二是利用楊虎城與蔣介石、張學良的矛盾瓦解他們的關係,毛澤東、彭德懷於1935年12月5日致信楊虎城說:“張學良賣國成性……乃聞閣下之孫,馮兩師,亦由陝南向陝北開進,誠不識是何居心?如言保境,則鄙軍並無問鼎長安之謀。如言進攻紅軍,則不計何立中,劉翰東,牛元峰,沈克等之慘敗,甯不計唐嗣桐,張漢民之覆轍。如言陝西,則閣下臥榻之側,眈眈者究是何人?蔣介石四十餘團久已深入陝甘,張學良主力近更陸續入陝。邵力子手無寸鐵,閣下已為之惴惴不安,倘易之何柱國或張學良手下任何一人,則閣下之靖綏主任,地方權利,當有存乎?馮欽哉已為蔣介石拉去,孫蔚如能保其不為馮欽哉第二乎?”毛澤東在給楊虎城的密友杜斌丞的信中也告誡楊虎城說,陝甘地方勢力,如果不跟紅軍合作,則必然完全受蔣、張控制,以致盡失容身之所:“蔣、張勢力佈滿陝甘,楊虎臣先生如處甕中,舉手投足受其宰製,危險情形不可言論。為今之計,誠宜急與敝方取一致行動,組成聯合戰線。敝方願在互不攻擊的初步條件下,與虎臣先生商洽一切救亡圖存之根本大計。日本軍力現已發動平津,控制之後,轉瞬即及山陝。蔣雖讓出陝甘地方政權于張學良,但蔣之四十餘團兵力仍實際的控制陝甘。張學良主力入陝,一面固為對付紅軍,一面實欲對付虎臣先生。臥榻之側,勢浹然也。如得先生居中策劃,以共同作戰對付公敵為目標,則敝軍甚願與虎臣先生諒解,逐漸進到共組抗日聯軍、國防政府之步驟。先生為西北領袖人物,投袂而起,挺身而幹。是在今日東北軍中如沈克等,均應與之聯合。甘肅鄧寶珊亦為絕無出路之人,敝軍亦願與發生關係。聞先生與之有舊,能為先容,曷勝禱企。”(《毛澤東致杜斌丞信》,1935年12月5日,並見《毛澤東年譜》(上),第495頁。)

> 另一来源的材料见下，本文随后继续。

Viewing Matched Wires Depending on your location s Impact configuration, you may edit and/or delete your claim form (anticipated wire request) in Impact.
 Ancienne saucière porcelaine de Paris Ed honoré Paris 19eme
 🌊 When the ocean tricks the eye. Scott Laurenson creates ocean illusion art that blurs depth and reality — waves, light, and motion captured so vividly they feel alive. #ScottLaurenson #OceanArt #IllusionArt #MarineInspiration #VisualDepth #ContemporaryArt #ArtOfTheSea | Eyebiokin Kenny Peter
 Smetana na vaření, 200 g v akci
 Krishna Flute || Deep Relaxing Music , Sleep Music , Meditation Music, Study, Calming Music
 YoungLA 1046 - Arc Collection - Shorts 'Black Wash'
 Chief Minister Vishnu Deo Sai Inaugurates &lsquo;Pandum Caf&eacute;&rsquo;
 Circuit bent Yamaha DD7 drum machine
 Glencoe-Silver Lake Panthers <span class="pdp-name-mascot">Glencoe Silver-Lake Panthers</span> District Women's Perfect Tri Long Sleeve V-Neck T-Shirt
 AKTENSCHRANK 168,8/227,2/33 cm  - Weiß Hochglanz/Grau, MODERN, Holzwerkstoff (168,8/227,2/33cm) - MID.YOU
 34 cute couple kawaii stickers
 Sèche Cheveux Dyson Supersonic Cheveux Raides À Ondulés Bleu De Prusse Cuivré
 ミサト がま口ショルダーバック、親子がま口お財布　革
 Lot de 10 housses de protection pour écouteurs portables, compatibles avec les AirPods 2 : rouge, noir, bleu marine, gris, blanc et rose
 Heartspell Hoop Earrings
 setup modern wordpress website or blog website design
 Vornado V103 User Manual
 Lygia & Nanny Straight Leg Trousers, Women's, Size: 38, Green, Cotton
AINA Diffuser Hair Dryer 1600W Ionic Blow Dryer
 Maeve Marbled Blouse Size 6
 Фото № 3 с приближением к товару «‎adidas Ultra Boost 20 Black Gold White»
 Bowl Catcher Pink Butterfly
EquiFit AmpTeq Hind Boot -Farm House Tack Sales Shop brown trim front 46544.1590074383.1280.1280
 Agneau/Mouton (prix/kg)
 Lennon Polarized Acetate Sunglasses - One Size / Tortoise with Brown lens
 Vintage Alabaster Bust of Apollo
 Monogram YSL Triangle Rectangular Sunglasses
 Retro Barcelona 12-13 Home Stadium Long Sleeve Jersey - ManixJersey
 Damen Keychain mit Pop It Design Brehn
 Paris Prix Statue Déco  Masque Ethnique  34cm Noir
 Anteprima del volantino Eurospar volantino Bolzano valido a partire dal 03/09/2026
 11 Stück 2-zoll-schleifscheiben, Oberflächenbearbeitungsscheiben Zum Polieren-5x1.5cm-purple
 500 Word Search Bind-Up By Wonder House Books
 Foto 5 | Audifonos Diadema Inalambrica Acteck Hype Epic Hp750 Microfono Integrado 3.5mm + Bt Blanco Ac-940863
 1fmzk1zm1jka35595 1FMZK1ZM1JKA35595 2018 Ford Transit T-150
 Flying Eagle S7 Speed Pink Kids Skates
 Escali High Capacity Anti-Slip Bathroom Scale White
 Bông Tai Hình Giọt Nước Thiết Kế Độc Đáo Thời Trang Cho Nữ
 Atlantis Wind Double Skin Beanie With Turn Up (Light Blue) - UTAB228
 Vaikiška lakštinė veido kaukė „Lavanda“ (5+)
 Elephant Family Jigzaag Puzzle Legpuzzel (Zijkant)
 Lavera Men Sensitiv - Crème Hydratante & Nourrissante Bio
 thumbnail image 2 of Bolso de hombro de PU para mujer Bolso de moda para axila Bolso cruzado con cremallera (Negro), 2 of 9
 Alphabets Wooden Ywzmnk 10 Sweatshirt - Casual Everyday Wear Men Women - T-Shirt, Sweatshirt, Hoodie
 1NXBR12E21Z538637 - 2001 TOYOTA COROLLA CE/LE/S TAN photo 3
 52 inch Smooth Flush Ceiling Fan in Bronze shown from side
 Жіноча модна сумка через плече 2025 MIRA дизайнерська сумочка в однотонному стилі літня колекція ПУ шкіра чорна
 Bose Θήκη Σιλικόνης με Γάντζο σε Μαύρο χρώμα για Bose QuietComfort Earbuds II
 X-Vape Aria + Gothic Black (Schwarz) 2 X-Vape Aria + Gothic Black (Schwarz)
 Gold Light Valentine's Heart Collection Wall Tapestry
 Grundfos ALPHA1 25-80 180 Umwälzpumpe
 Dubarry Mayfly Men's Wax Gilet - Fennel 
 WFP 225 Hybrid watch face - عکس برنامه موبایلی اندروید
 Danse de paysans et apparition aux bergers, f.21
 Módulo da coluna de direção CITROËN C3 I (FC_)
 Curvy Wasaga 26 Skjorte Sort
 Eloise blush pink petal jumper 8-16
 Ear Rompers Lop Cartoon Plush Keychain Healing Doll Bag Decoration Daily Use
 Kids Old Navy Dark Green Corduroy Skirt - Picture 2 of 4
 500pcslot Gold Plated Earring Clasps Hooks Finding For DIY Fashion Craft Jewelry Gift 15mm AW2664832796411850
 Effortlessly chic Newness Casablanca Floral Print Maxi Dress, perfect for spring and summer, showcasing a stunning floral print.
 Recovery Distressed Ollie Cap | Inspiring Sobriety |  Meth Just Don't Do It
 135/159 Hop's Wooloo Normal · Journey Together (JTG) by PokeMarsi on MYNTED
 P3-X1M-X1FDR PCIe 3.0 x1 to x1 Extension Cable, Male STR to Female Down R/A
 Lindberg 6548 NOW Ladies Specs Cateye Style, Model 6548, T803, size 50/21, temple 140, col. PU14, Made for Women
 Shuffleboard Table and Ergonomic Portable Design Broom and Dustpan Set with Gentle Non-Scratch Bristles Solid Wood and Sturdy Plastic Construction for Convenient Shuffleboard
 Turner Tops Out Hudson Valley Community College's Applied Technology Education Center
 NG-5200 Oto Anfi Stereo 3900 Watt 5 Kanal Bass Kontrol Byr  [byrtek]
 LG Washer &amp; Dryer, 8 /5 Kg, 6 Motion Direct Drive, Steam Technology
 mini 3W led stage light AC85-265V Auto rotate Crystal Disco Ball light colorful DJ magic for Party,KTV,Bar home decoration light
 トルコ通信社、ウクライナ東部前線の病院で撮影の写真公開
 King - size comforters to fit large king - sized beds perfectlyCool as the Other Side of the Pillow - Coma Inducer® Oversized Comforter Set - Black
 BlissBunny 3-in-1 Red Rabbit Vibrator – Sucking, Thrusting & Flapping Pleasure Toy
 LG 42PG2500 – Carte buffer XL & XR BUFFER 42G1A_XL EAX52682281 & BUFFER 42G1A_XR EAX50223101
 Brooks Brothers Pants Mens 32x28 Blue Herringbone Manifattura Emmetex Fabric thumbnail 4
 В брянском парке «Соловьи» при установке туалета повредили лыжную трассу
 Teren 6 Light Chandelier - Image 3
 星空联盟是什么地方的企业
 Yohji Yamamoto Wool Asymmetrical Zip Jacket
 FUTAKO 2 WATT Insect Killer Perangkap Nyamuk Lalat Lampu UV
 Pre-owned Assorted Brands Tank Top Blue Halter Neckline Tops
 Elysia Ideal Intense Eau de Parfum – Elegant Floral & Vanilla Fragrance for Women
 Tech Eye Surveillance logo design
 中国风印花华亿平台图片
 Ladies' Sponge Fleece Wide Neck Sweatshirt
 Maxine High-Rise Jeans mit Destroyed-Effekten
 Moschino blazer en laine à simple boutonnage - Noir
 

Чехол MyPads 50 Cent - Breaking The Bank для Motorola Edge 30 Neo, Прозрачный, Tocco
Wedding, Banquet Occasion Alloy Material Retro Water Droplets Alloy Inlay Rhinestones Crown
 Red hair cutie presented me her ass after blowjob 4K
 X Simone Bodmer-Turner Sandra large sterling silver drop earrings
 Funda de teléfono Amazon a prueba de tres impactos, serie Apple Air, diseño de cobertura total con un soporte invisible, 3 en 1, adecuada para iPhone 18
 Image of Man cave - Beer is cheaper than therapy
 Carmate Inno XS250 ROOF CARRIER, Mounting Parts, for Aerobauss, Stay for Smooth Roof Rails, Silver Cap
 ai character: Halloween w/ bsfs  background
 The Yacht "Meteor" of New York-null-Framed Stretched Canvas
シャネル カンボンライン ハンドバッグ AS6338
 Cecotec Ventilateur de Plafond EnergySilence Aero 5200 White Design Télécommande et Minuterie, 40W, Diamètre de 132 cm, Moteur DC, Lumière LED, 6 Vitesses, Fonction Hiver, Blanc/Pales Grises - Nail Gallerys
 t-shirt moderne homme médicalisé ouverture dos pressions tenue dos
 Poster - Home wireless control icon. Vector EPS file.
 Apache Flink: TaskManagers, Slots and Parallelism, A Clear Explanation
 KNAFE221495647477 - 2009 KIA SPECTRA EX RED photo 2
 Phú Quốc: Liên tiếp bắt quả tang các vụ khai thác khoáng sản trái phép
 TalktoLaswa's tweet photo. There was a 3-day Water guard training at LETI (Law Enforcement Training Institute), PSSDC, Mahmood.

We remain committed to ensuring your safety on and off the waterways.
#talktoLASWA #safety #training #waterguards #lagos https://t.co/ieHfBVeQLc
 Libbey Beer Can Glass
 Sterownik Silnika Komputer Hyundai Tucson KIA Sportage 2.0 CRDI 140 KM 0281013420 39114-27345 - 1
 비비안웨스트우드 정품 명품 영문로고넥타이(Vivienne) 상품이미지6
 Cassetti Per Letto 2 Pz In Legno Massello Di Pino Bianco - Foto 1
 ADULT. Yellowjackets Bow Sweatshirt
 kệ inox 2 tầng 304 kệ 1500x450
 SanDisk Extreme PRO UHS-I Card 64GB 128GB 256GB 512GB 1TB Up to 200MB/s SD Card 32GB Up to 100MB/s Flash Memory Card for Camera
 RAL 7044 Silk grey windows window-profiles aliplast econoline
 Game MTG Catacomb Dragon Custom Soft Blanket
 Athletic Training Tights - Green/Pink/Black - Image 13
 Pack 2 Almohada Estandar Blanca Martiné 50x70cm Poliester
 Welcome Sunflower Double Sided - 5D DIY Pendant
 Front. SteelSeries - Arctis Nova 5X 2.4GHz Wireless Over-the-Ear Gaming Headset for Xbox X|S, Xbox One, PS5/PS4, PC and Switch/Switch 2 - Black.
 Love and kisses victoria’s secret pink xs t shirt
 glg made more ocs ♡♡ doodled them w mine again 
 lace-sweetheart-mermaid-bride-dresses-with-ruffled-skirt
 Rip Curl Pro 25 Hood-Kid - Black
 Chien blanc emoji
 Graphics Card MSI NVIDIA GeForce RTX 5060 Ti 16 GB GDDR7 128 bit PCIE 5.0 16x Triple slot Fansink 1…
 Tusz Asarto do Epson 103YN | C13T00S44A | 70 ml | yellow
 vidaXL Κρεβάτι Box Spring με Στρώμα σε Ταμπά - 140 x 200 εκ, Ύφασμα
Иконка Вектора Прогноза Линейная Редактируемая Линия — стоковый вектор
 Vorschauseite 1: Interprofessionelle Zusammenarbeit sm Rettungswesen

然而楊虎城此時對中共雖然多有照顧,但對中共的這些示好舉動卻並不感興趣。1935年底毛澤東派汪峰去見楊虎城,楊似乎有意不與中共中央發生任何關係,表現的非常冷淡。1936年4月中旬毛澤東又派王世英去西安找楊虎城,楊竟推諉不見。這些都使中共領導人對楊的可靠性產生了懷疑,毛澤東斷定:“楊虎城怕蔣特甚,一時當難與我們建立積極關係。”據中共特使王世英後來回憶說:實際上,楊虎城有兩大疑慮:一是“害伯暴露,因為他部下有一個師長叫馮欽哉,同蔣介石有勾結”。還“害怕與我建立合作後,其部隊群眾為我爭取,及害伯蔣之發覺而遲緩。楊膽子很小”。二是“因紅四方面軍、紅二十五軍與十七路軍曾訂有互不侵犯協議,紅軍片面毀約,楊恐共產黨不能遵守信義。”楊虎城的態度與當時一批試圖與中共保持秘密聯繫的地方軍閥相似,他們一方面到處給自己留下後路,願意與中共保持接觸,另一方面又不願同中共明確合作反蔣的關係。因此王世英評價說,這種人“凡事謹慎機警,鬼心眼兒特別多,深恐上當,於已不利或削弱他的力量,把他的攤子搞光,地位弄丟”。(《王世英報告》,1936年3月)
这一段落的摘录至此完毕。